(Collected data)
★ ★ ★ ★ ★

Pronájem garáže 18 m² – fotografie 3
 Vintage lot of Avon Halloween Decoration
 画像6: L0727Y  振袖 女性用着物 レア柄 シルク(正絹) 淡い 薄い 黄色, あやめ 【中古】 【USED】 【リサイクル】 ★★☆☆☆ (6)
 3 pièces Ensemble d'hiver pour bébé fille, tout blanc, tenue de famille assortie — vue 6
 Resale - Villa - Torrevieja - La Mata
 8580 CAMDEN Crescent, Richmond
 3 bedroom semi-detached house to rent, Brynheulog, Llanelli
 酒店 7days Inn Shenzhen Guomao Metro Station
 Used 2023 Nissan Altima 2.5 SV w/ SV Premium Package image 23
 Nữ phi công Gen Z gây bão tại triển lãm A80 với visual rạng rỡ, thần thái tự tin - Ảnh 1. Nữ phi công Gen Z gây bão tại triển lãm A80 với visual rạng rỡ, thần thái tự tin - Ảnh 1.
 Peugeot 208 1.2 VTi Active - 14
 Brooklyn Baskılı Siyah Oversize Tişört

★ ★ ★ ★ ★

### WORK REQUIRED
Exact copies of the line containing "- Ảnh 1. Nữ" and of every line after it through the end of the entries are all that should be output.

### TASK SOLUTION
 Nữ phi công Gen Z gây bão tại triển lãm A80 với visual rạng rỡ, thần thái tự tin - Ảnh 1. Nữ phi công Gen Z gây bão tại triển lãm A80 với visual rạng rỡ, thần thái tự tin - Ảnh 1.
 Peugeot 208 1.2 VTi Active - 14
 Brooklyn Baskılı Siyah Oversize Tişört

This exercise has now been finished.